***** Data provided

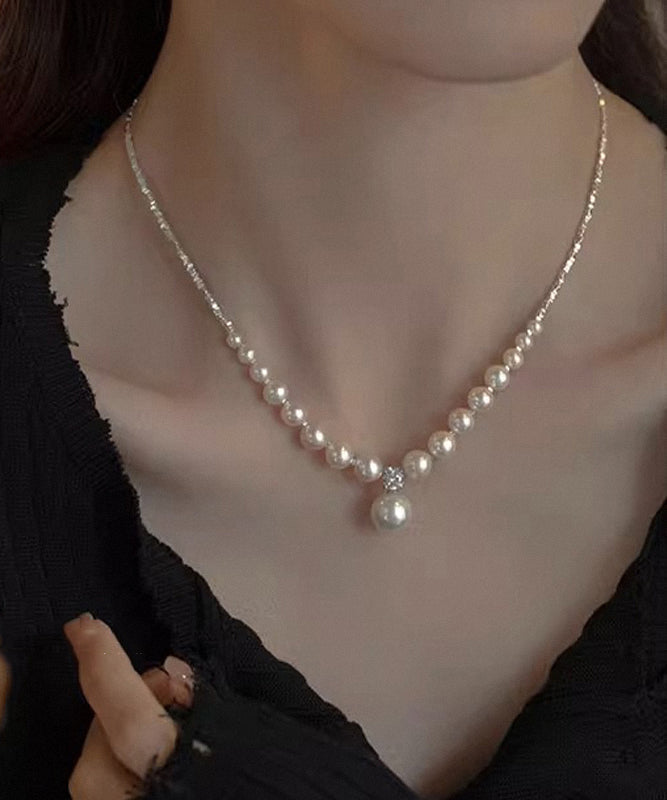 White Copper Pearl Zircon Necklace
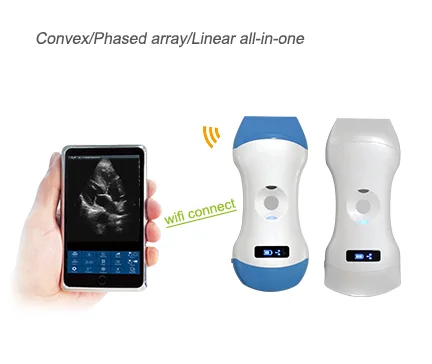 Portable Wireless Ultrasound Scanner Probe 3 In 1 Mini Wifi Color Doppler Pocket Ultrasound Liner and Convex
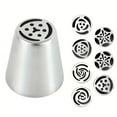 thumbnail image 6 of Shoreew 7Pcs Russian Piping Nozzle Set Stainless Steel Flower Tips for Tulips Roses Professional Icing Decorating Kit for Cakes Cupcakes, 6 of 7
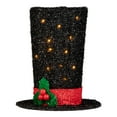 thumbnail image 5 of Northlight 9.25" Lighted Black Tinsel Top Hat Christmas Tree Topper, Clear Lights, 5 of 7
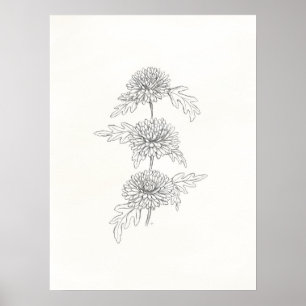 Drei Chrysanthemas drucken Poster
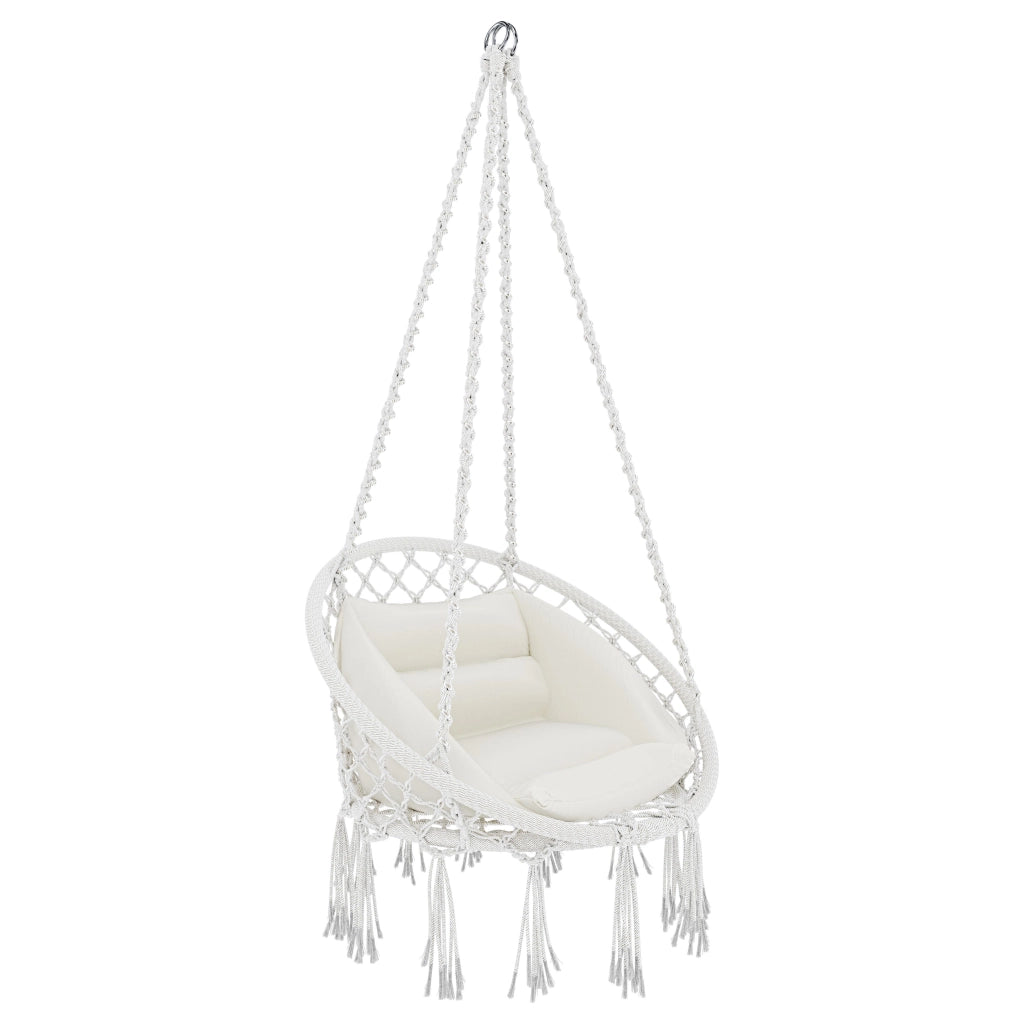 Poltrona Sospesa Pensile Da Giardino Con Corda In Cotone Effetto Macramè E Struttura In Acciaio Cuscino Sedia Dondolo Amaca Con Seduta Imbottita Esterno Terrazzo Design Moderno Fino A 160 Kg Beige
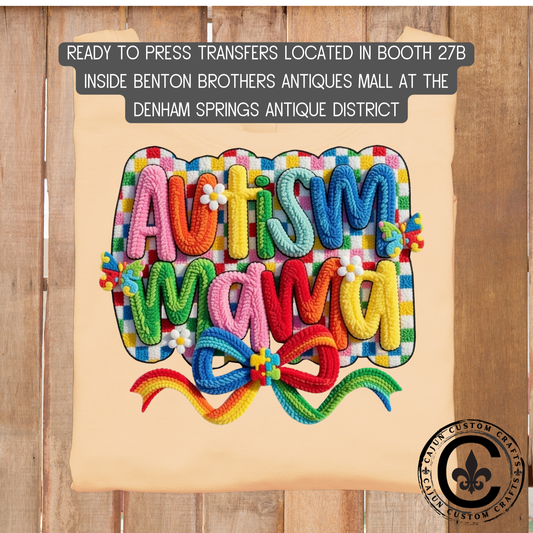 Autism Mama dtf transfer, tshirt, tumbler, jewelry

**********

What the exercise asks –
From the first line to the last, repeat the records exactly, leaving out the pictures.

Exercise response –
 White Copper Pearl Zircon Necklace
 Portable Wireless Ultrasound Scanner Probe 3 In 1 Mini Wifi Color Doppler Pocket Ultrasound Liner and Convex
 thumbnail image 6 of Shoreew 7Pcs Russian Piping Nozzle Set Stainless Steel Flower Tips for Tulips Roses Professional Icing Decorating Kit for Cakes Cupcakes, 6 of 7
 thumbnail image 5 of Northlight 9.25" Lighted Black Tinsel Top Hat Christmas Tree Topper, Clear Lights, 5 of 7
 Drei Chrysanthemas drucken Poster
 Poltrona Sospesa Pensile Da Giardino Con Corda In Cotone Effetto Macramè E Struttura In Acciaio Cuscino Sedia Dondolo Amaca Con Seduta Imbottita Esterno Terrazzo Design Moderno Fino A 160 Kg Beige
 Autism Mama dtf transfer, tshirt, tumbler, jewelry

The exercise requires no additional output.